DATA FOR THIS EXERCISE:
= = = = =

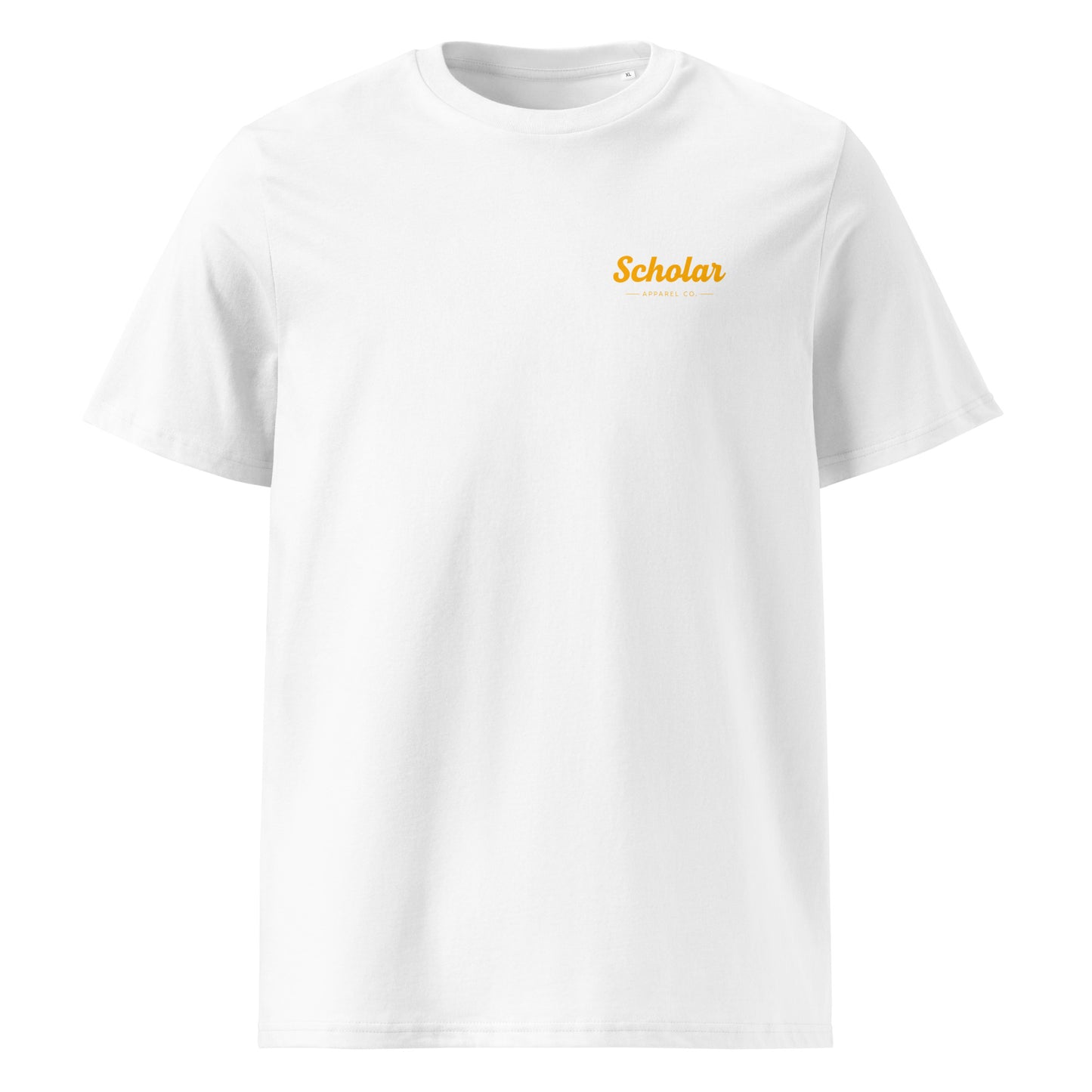 Everyday - Yellow Script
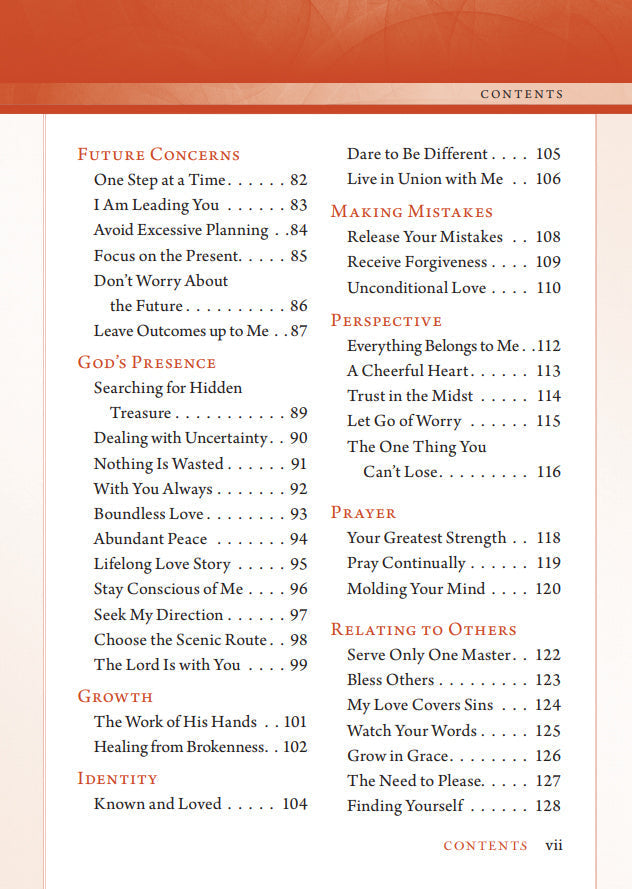 Jesus Calling for Graduates 5-Pack Bundle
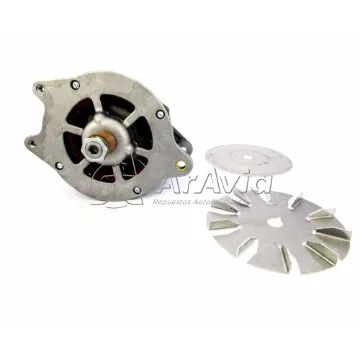 Hartzell Engine Technologies Alternador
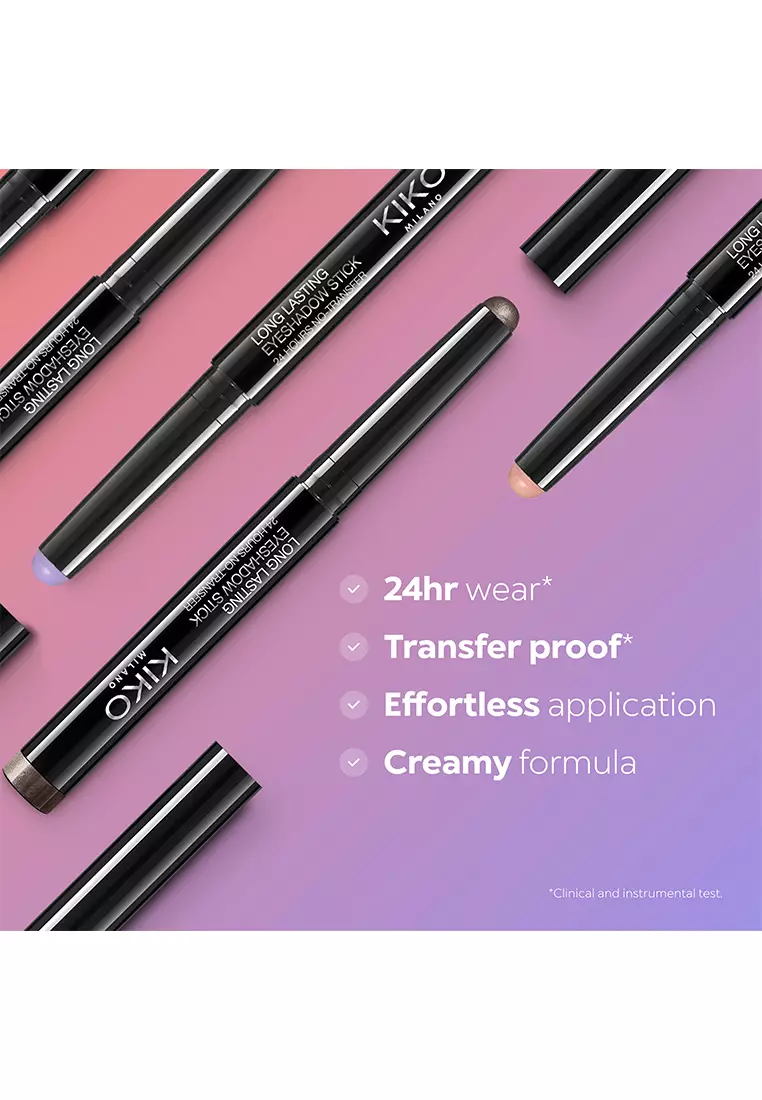 New Long Lasting Eyeshadow Stick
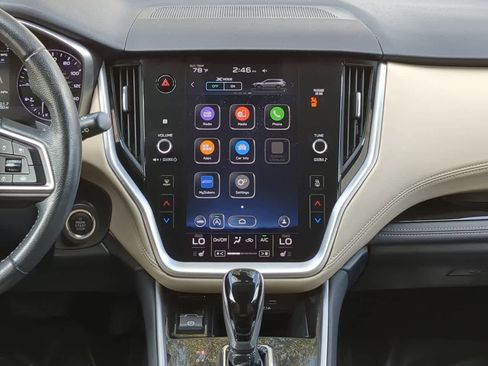Used 2020 Subaru Outback Limited image 28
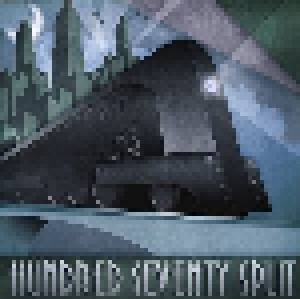 Hundred Seventy Split: HSS (CD) - Bild 1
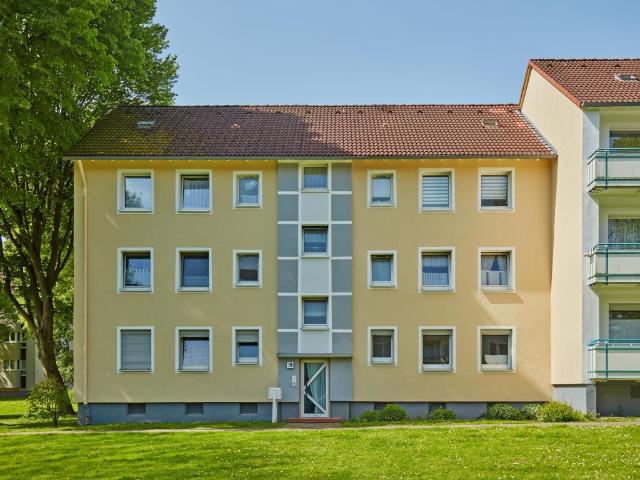 Apartment mieten in Laer, Bochum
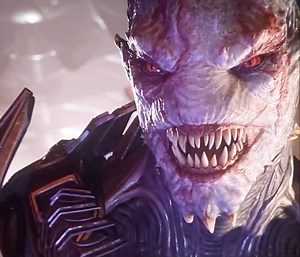 9.4K views · 198 reactions | The Alien Warships Launch Attack On Squardron 42 | The Deacon | Facebook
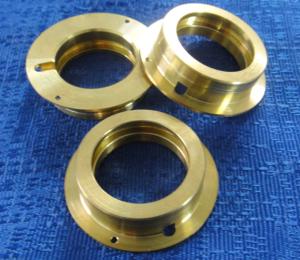 Bushing, Torquemeter Bore 6898577-1HT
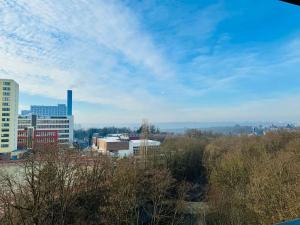 Pronájem bytu 2+kk, Praha, Ve Lhotce, 59 m2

= = = = =

YOUR ASSIGNMENT: The reply should hold only the lines running from the top of the records to the line containing "Apartment mieten in Laer, Bochum", both included, copied exactly with no pictures.

RESPONSE TO THE EXERCISE:
 Everyday - Yellow Script
 Jesus Calling for Graduates 5-Pack Bundle
 Hartzell Engine Technologies Alternador
 New Long Lasting Eyeshadow Stick
Used 2020 Subaru Outback Limited image 28
 Hundred Seventy Split: HSS (CD) - Bild 1
 Apartment mieten in Laer, Bochum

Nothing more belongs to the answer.